Canada

'Inundated' with workplace COVID outbreaks, city seeks beefed-up enforcement powers

COVID-19 infections are increasing "exponentially" in the city, said Medical Officer of Health Dr. Vera Etches, and workplaces are playing an increasingly significant role in its spread.

Dr. Vera Etches, Medical Officer of Health.

The Ottawa Board of Health is urging the province to beef up the powers of enforcement officers to enter, inspect and shut down businesses that aren’t complying with COVID safety rules.

The motion, passed at Monday evening’s board meeting, also pleads with the province to “urgently” review the types of workplaces that can have staff on site, limiting them only to those that provide groceries, medications and products that are essential for health and safety or medically necessary care.

COVID-19 infections are increasing “exponentially” in the city, said Medical Officer of Health Dr. Vera Etches, and workplaces are playing an increasingly significant role in its spread.

“Our team is now being inundated from workplaces where more than two people have tested positive,” Etches said. “We’re also seeing outbreaks in offices where people could have potentially worked from home.

“Employees who can work from home, must work from home.”

Inspectors have visited more than 80 businesses across a variety of sectors and found half of them in violation, either by improperly screening people for COVID-19 or not following public health measures.

“Some businesses have received repeated infractions and they’re making entry difficult for enforcement officers to verify compliance with provincial and local requirements,” she said.

The lengthy meeting included more than two hours of public presentations, many from child-care workers and early childhood educators who pleaded to be eligible for the vaccines, and from advocates for frontline workers such as grocery clerks and for disadvantaged and racialized communities that are most at risk.

Donna Mortimer, vice-president of CUPE Local 2204, which represents unionized child-care workers in eastern Ontario, said her members are burning out and suffering mental-health issues.

“They’ve worked through the brunt of the pandemic while waiting for the vaccine,” Mortimer said. “By not prioritizing child-care workers, the Ottawa government is refusing to acknowledge the worth of a sector that they have deemed essential.”

Ottawa Public Health has now administered just shy of 278,000 vaccination doses. Still, 60 per cent of people aged 60 and older and 75 per cent of people in their 50s have yet to get a shot.

That’s significant because more than 80 per cent of hospital and intensive care admissions are people older than 50, Etches said. Even more startling, people over 60 are 230 times more likely to die from COVID-19 than someone under 40. For people in their 50s, the death rate is 40 times that of people under 40.

“COVID is finding older adults,” Etches said.
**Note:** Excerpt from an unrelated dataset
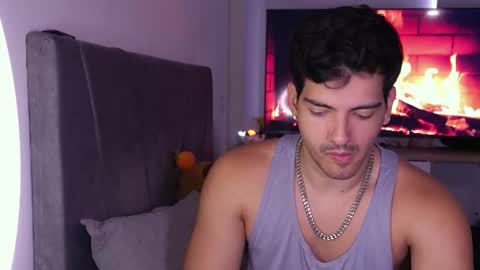 Snapshot of bbbeachboy chatting on 15, 2, 2026 Valentino online show from 15, 2, 2026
All OPH vaccination appointments are booked until April 30 and vaccine still remains in short supply. The city had been expecting 120,000 doses to be delivered between April 20 and May 11, said Anthony Di Monte, the city’s general manager of emergency and protective services, but has now been told it will only get 95,000.

The city is continuing to target “hot spots” communities and has been doing so since before the province adopted the same strategy, he said.

Ottawa Public Health reported 203 new COVID-19 cases on Monday and no new deaths. The city’s seven-day daily average of cases is 288.

Monday also marked the first day of Ottawa police checkpoints at the city’s five bridges with Gatineau, part of the provincial emergency order to restrict interprovincial travel. Commuters were waiting an hour to cross at some times of the day, while on the Quebec side, traffic on Highway 50 was backed up for several kilometres.

Ottawa police were not turning people around or ticketing on Monday, with stops initially aimed at “informing and sensitizing” people about the new restrictions. Police were also stationed at the Quyon and the Bourbonnais ferries.